La narratrice s'invite chez Roland, une figure majeure de la psychanalyse qu'elle voyait tous les jeudis matin, à la sortie de l'école. C'est aussi l'homme qui l'a vu naître et qui a tout quitté, il y a dix ans. Abandonné par la mère de cette jeune femme, par son épouse et ses filles, Roland s'est réfugié dans la solitude et habite une maison avec "des vieilles dentelles blanches aux rideaux". Un soir, elle frappe à sa porte.
Aucune discussion franche ne s'ouvre, l'homme et la femme se font face, avec leurs bagages bien bouclés et bourrés à craquer de secrets. Une méthode douce va être alors employée, pour débloquer ce discours de taiseux : la lecture de contes de fées. Tous les soirs, une main invisible glisse un nouveau livre près du lit de la narratrice (la Belle au bois dormant, Blanche Neige, le Petit Poucet, le Petit Chaperon rouge, etc.). Les passages lus réveillent des souvenirs endormis, car voilà où mène ce travail : accepter ce qu'elle avait occulté, à se réconcilier avec sa mémoire.
"Chaque histoire déposée dans ma chambre était une étape de ce voyage intérieur, chaque livre un caillou blanc semé dans la forêt de l'oubli. Il ne fallait pas chercher à remonter le temps, c'était inutile, mais il fallait avancer, jour après jour, conte après conte."
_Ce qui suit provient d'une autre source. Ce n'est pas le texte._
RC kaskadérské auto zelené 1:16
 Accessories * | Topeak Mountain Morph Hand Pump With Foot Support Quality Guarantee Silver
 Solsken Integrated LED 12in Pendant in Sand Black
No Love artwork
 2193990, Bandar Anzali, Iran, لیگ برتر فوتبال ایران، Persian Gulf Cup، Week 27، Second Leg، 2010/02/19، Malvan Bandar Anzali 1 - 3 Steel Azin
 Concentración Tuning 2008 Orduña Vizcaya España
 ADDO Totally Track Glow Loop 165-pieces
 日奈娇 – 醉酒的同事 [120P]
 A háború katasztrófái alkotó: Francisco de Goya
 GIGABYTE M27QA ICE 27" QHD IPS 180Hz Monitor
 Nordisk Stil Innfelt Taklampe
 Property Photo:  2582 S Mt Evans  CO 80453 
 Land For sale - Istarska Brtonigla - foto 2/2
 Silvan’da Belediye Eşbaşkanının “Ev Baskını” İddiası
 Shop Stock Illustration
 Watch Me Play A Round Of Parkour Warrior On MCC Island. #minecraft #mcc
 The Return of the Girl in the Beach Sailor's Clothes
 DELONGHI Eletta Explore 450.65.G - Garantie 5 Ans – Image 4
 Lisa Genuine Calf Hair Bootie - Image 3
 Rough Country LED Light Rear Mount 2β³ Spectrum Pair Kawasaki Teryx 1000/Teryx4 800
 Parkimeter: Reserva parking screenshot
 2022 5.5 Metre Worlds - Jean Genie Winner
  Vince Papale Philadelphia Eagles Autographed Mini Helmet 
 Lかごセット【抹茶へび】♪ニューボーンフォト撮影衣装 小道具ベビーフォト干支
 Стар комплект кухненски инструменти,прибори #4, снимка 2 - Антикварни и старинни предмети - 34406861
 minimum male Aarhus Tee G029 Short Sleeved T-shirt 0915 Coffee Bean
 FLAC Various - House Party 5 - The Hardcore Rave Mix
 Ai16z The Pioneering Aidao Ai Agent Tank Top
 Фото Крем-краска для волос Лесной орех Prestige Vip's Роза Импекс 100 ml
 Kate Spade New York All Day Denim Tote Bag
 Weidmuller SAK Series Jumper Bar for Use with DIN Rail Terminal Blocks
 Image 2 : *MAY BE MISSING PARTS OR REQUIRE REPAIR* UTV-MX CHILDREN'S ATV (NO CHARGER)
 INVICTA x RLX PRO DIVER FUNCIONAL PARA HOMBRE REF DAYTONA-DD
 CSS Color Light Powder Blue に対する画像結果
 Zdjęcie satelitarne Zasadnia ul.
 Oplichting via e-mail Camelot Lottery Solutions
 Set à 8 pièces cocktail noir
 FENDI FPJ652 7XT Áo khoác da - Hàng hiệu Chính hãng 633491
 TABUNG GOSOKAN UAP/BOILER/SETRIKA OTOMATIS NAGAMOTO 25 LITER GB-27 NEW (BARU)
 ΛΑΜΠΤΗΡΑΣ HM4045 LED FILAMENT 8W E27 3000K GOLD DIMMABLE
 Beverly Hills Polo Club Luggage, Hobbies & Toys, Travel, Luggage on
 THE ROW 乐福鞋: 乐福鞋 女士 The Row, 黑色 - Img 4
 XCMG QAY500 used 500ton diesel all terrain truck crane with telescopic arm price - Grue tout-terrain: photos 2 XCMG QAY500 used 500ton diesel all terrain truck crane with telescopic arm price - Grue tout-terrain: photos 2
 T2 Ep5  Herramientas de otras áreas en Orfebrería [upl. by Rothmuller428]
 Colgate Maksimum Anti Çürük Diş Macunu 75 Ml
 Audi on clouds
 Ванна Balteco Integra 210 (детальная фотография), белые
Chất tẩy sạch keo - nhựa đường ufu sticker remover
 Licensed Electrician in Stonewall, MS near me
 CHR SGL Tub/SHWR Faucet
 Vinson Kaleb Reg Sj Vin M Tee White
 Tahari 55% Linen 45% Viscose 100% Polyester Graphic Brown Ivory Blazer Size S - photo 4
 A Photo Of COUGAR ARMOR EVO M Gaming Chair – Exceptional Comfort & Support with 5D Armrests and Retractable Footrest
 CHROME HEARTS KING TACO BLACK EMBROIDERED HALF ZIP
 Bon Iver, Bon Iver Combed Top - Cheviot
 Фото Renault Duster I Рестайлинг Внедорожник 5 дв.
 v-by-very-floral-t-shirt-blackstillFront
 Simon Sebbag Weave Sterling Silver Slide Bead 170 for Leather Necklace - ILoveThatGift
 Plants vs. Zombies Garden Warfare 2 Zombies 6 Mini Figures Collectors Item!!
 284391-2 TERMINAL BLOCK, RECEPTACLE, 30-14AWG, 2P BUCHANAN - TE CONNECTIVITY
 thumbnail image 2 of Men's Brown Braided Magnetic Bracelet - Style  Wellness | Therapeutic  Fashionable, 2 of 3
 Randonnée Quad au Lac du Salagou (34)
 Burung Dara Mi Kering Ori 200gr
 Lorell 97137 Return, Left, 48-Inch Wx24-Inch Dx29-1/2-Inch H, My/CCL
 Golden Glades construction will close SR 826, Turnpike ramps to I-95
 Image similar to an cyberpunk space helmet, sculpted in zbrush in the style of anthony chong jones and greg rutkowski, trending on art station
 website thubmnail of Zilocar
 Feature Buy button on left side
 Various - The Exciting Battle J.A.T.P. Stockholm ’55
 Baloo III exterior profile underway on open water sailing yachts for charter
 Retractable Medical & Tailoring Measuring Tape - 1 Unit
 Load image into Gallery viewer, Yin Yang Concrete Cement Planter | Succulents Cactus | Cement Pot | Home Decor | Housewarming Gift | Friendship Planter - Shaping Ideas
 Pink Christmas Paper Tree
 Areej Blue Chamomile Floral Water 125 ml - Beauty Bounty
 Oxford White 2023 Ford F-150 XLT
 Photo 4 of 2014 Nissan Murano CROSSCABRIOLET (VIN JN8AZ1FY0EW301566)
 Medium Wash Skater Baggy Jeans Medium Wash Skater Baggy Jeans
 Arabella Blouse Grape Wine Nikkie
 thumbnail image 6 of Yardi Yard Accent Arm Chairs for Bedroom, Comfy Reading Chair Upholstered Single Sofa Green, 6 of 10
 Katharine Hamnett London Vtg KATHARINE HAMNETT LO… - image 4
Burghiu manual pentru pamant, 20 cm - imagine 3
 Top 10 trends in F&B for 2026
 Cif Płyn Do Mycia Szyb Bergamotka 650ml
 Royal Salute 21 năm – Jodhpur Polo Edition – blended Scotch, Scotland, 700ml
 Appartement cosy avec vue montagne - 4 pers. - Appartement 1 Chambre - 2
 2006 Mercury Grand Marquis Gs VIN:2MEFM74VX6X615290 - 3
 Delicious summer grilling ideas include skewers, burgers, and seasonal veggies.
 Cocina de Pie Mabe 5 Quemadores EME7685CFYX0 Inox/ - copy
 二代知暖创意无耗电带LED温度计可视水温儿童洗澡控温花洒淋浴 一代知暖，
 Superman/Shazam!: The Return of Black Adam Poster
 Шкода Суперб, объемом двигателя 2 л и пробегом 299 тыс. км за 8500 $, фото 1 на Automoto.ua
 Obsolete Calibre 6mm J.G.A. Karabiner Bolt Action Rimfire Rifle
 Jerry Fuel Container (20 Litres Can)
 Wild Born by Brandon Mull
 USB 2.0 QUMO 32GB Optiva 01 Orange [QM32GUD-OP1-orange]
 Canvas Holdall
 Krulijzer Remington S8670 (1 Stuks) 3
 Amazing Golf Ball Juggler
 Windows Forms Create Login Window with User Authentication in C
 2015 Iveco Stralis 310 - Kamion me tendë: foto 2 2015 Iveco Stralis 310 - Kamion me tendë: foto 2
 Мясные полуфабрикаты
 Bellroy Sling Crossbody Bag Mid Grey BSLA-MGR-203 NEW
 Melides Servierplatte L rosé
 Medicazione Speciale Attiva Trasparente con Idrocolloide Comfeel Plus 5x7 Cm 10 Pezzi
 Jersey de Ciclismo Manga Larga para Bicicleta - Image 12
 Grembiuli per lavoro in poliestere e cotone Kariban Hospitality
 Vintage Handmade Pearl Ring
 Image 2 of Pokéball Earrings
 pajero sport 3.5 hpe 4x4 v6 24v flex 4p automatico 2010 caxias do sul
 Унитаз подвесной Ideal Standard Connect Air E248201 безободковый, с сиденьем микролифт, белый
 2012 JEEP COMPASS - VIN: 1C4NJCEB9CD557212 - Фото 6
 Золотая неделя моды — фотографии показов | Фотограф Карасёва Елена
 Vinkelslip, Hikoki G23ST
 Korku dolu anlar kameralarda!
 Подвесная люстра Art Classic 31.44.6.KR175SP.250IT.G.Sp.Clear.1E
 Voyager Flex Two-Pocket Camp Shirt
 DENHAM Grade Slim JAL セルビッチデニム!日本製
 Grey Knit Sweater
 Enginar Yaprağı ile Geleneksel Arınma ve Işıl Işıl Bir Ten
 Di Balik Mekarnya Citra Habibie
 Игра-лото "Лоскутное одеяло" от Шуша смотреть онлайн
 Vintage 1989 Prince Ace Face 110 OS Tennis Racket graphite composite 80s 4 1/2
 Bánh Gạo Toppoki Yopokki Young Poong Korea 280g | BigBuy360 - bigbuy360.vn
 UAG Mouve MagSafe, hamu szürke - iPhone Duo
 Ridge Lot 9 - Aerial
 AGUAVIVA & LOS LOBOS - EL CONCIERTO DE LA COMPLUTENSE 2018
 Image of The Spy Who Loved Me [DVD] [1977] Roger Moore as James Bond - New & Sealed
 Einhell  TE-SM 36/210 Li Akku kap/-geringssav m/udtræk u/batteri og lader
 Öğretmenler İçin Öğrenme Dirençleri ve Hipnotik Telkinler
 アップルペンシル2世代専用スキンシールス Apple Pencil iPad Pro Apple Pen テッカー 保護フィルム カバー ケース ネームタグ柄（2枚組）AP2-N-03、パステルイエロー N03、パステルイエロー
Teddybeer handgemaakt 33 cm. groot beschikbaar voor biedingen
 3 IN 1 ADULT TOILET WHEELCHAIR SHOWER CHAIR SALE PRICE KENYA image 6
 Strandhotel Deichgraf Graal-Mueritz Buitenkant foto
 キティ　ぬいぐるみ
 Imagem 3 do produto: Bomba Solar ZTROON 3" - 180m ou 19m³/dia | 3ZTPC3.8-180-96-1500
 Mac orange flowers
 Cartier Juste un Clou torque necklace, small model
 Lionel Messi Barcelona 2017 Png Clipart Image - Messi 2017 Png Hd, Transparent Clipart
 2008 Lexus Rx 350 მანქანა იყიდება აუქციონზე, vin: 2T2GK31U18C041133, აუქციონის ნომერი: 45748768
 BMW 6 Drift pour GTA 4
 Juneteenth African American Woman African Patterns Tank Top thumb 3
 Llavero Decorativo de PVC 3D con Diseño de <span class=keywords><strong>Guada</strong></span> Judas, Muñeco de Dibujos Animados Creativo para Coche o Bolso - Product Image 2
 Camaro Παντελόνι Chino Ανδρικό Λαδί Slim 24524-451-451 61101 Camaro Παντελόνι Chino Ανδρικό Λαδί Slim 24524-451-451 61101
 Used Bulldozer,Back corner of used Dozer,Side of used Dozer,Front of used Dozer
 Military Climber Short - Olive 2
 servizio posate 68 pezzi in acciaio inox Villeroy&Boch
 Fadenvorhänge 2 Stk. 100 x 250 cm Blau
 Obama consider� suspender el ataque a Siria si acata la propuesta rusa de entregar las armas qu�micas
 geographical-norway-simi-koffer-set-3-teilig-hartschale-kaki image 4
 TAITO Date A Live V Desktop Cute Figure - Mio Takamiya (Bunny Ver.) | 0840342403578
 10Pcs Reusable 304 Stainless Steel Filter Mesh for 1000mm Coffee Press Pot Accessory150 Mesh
La fin de l'histoire est assez surprenante. Elle remet à plat les plus fastidieuses interprétations mais éclaire autrement notre vision du livre. Jusqu'alors, le roman avait pour cadre une maison un peu hantée, qui n'est pas sûre d'être réelle, avec un rapport entre la narratrice et ce Roland plutôt spectral. On ne cesse de baigner dans l'impression d'être au beau milieu d'un conte ou un rêve fantasmagorique, pour finalement conclure à suivre le parcours initiatique d'une femme fragile. Mais l'impression est fugace, voire éthérée. On retourne ce livre dans tous les sens, la confusion au bord des lèvres, mais gagné par un sentiment chaleureux et persuasif.